On dit du ton de do mineur que sa tristesse inhérente ne saurait nous défendre d'être volubile (« vivant ») lorsque la pièce s'y prête. C'est bien ce qui se passe ans la courante. Les jeux d'hémioles et les voix intérieures cachées dans les    lignes principales – invisibles dans la partition mais révélées par l'instrument qui octroie une durée précise à chaque note et peut faire ainsi se découper des lignes intérieures - confèrent de plus une grande spiritualité à la pièce (voir première partie de ce texte).

La gavotte qui suit, encore plus du style "luthistes français" que le début de l'allemande, nous incite à opter cette fois pour les notes inégales car cette pièce perdait presque son sens à être jouée en notes égales. Certaines cadences rappellent fortement Robert de Visée, entre autres, tout comme le début de la sarabande suivante, à la cellule rythmique pointée, plutôt qu'en noires ou croches égales.  Pour terminer avec la gavotte, mentionnons sa parenté de style avec la courante de la 1ère suite pour luth de Bach : toutes deux alternent des croches sautillantes avec d'occasionnelles doubles croches régulières, ajoutant à la charmante ambiguïté des notes inégales qui doivent dans le style français consister en un dérapage rythmique contrôlé des notes plutôt qu'en un égrènement de notes froidement pointées en série.

Une autre sorte d'inégalité rythmique est souvent en cause, mais celle fois dans les sarabandes : les grandes respirations dues à leur caractère douloureux ou méditatif allongent parfois les mesures et pour notre défense face aux critiques dénonçant une mesure qui n'est pas toujours strictement tenue, nous dirions : comment être expressif en jouant d’une façon métronomique du début à la fin ? N’oublions pas que plusieurs auteurs de ce temps ont mentionné ce fait, du commencement de l’âge baroque (Caccini en 1601) jusqu a sa fin. Couperin ne dit-il pas au sujet de certaines pièces : il ne faut pas s’attacher trop précisément à la mesure ; il faut tout sacrifier au goût, à la propreté des passages et à bien attendrir les accents (…) » ? La qualité principale conférée à l’époque à do mineur transparaît bien dans cette sarabande, soit « un timbre charmant malgré la tristesse ». On petit en dire autant du menuet, qui favorise par son style une autre sorte d'inégalité rythmique typique du baroque, soit le rythme lombard. Il s'agit tout bonnement de notes inégales à l'envers : (La note rapide d’abord, la note lente ensuite) au lieu de (inverse).  C'est la musique même qui nous inspire cet effet au début de la deuxième section ainsi qu'à sa reprise.

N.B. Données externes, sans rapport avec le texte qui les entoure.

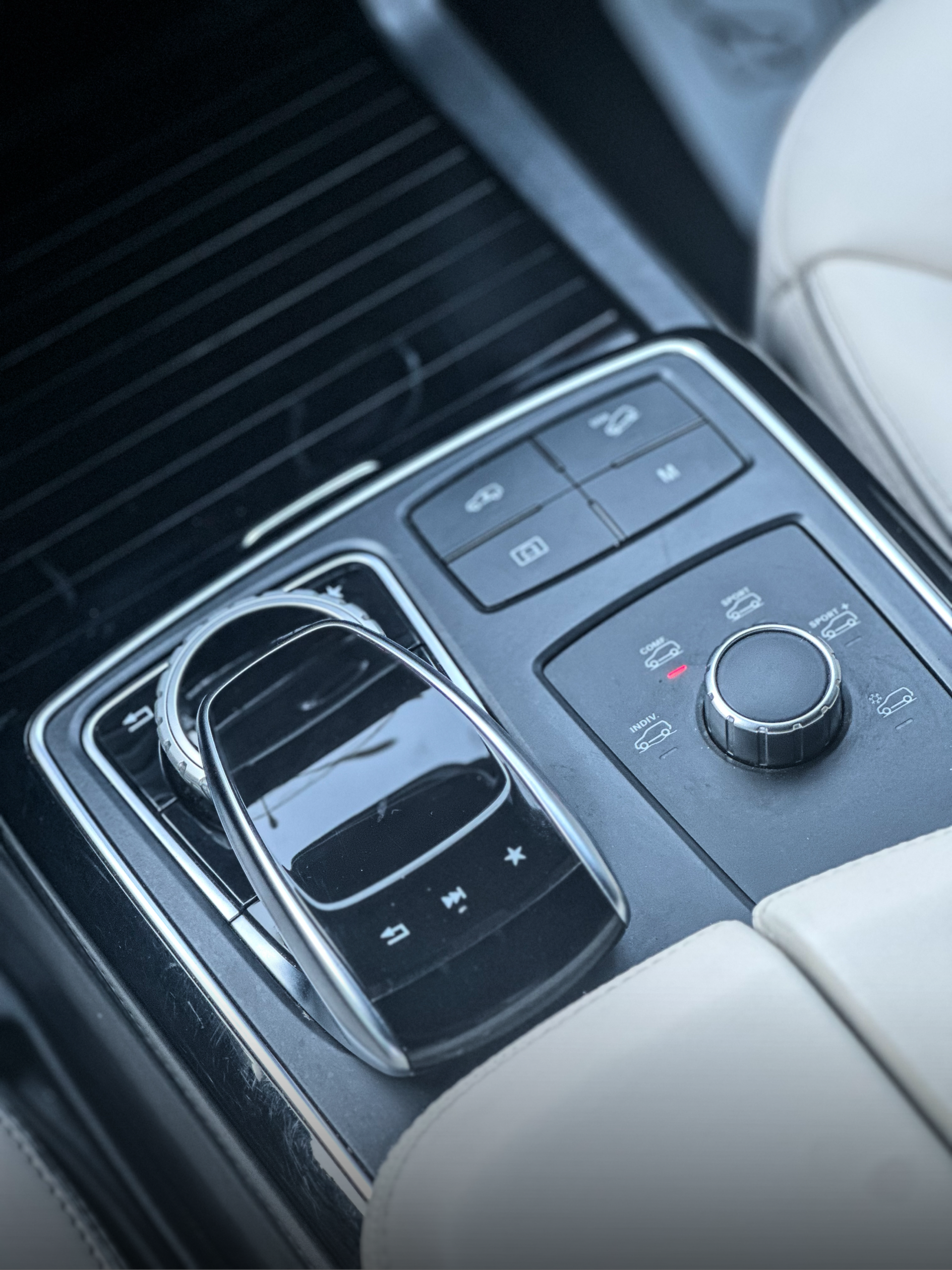 
								2018 Mercedes-Benz GLE43 Coupe full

La gigue finale est comme la courante, grave mais très dynamique. Les basses qu’on y entend descendre diatoniquement très bas et prendre ainsi une belle ampleur dramatique évoquent le commentaire des historiens selon lesquels « c’est le règne de la basse ».  Cette affirmation concerne le style d'écriture, bien sûr, mais la richesse instrumentale des basses innovée au luth baroque et l'importance accrue que leur est ainsi conférée renforce davantage cette constatation.

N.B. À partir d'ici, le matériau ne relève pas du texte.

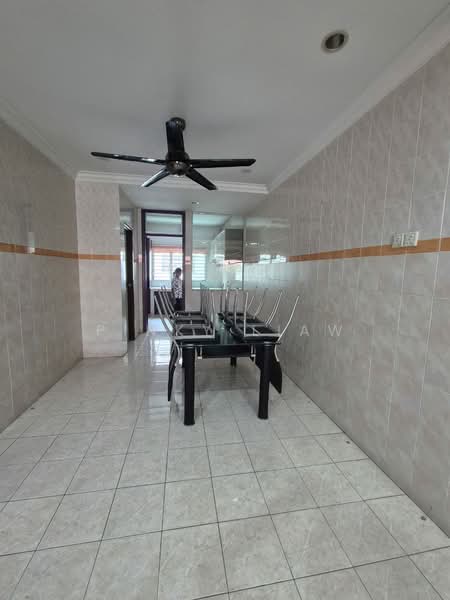 Cluster House for Rent in Bandar Parklands (Klang) - Pinky Liaw - Dining Room - PropertyGuru.com.my
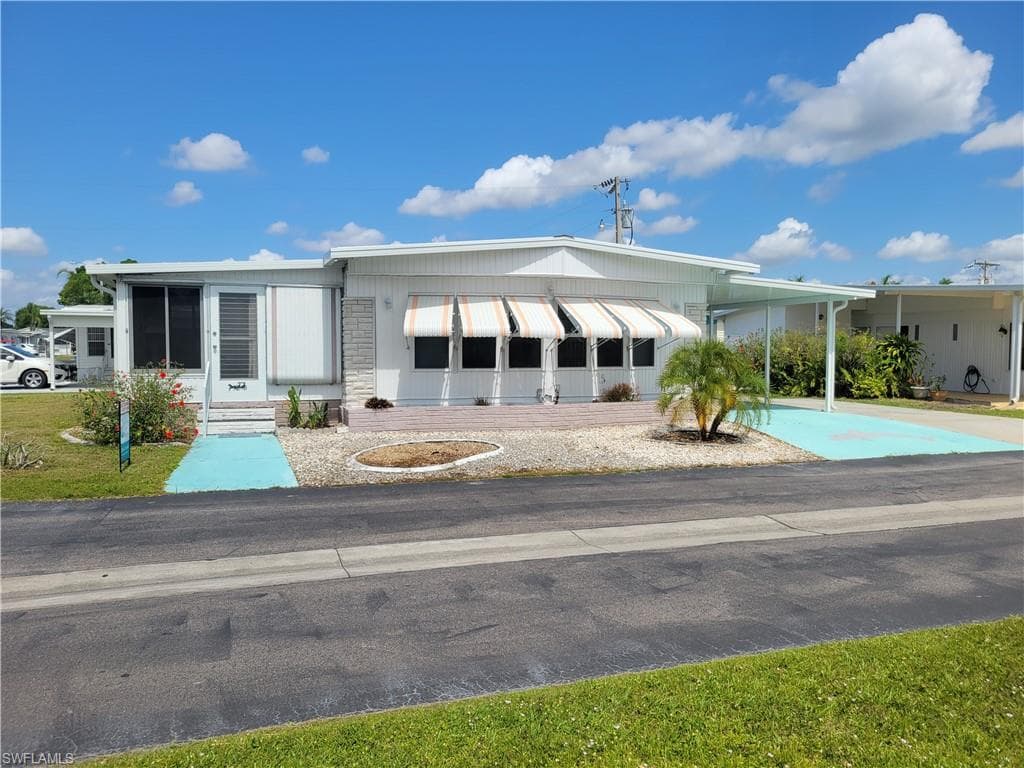 201 Harvest LN NORTH FORT MYERS, FL 33917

La dernière remarque que nous inspire cette suite touche à la versatilité de la main droite, étonnante : à l’âge de vingt ans, Weiss n'avait pas encore le souffle qui sera le sien dans la composition des œuvres de maturité, lesquelles atteindront de surprenantes dimension, mais la technique de la main droite était déjà aboutie ; l'audace de la difficulté dans de fréquents écarts en fait foi!